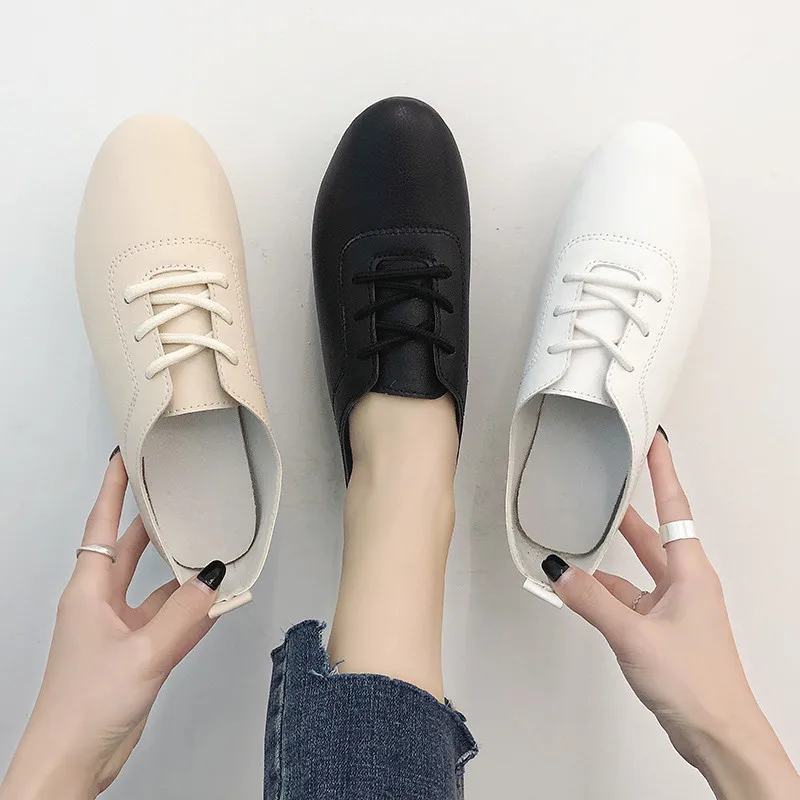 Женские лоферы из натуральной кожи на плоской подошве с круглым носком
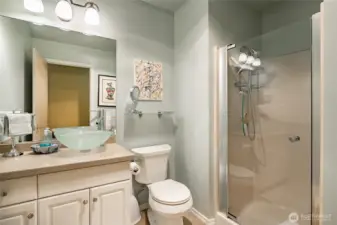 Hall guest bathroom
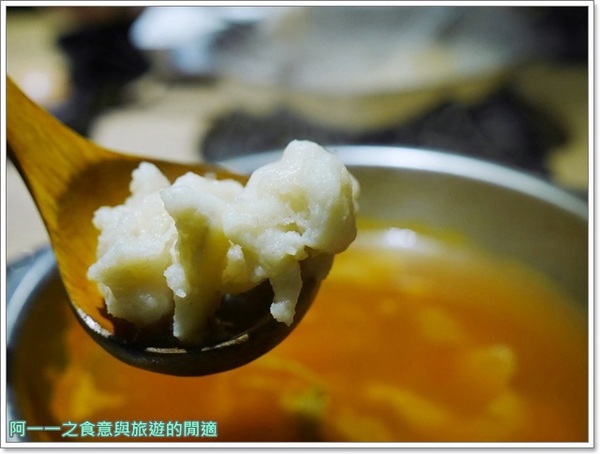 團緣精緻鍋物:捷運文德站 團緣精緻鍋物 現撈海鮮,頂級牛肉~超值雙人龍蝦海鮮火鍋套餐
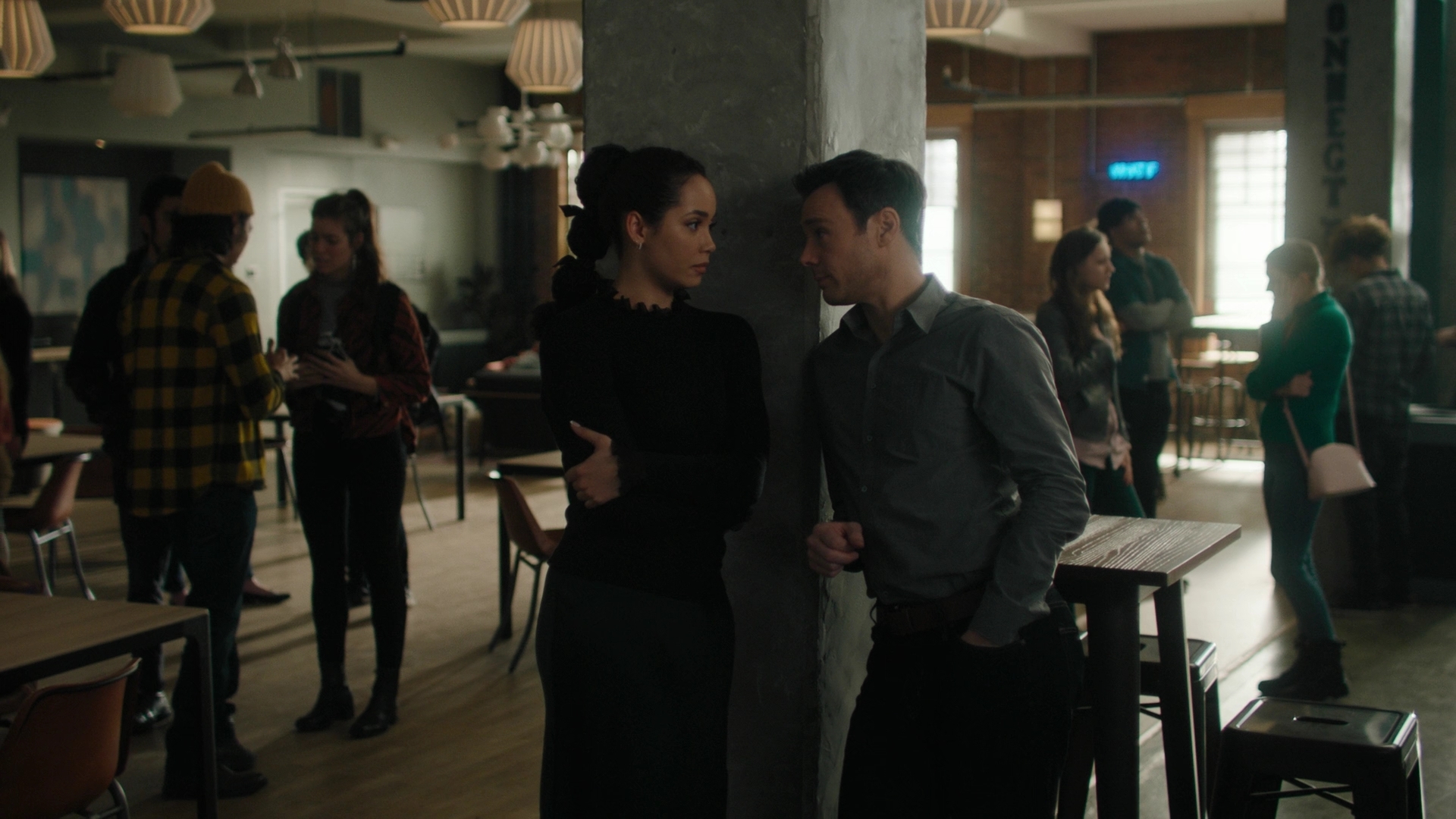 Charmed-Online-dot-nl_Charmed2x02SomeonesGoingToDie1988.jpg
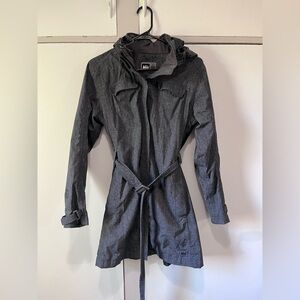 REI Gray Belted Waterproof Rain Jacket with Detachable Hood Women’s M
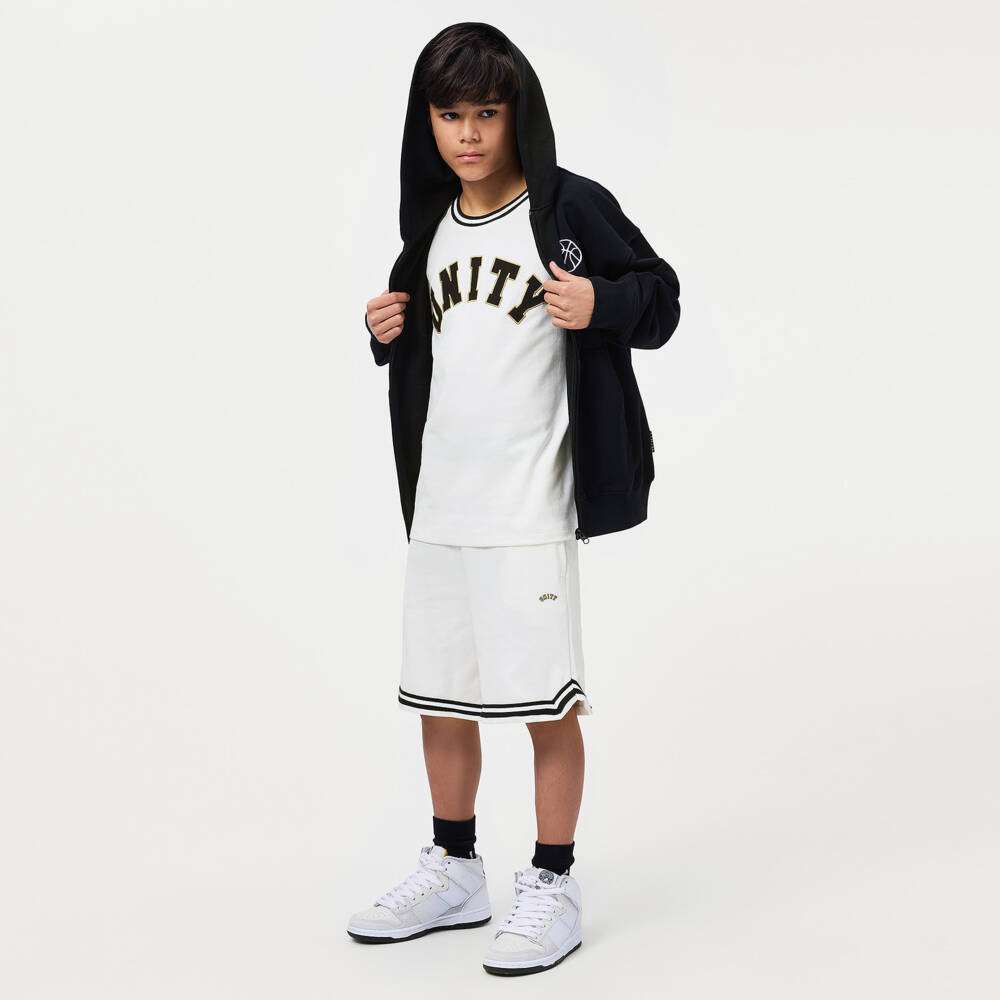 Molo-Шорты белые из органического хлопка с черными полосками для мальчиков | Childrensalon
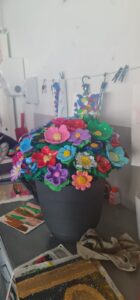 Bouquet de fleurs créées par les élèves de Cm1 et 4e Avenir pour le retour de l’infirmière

----

▸ **TRY IT**
Leave the pictures out. Transcribe exactly the lines from the one with "Molo-Шорты белые из" through the end of the records.

▸ **RESPONSE AREA**
 Molo-Шорты белые из органического хлопка с черными полосками для мальчиков | Childrensalon
 Bouquet de fleurs créées par les élèves de Cm1 et 4e Avenir pour le retour de l’infirmière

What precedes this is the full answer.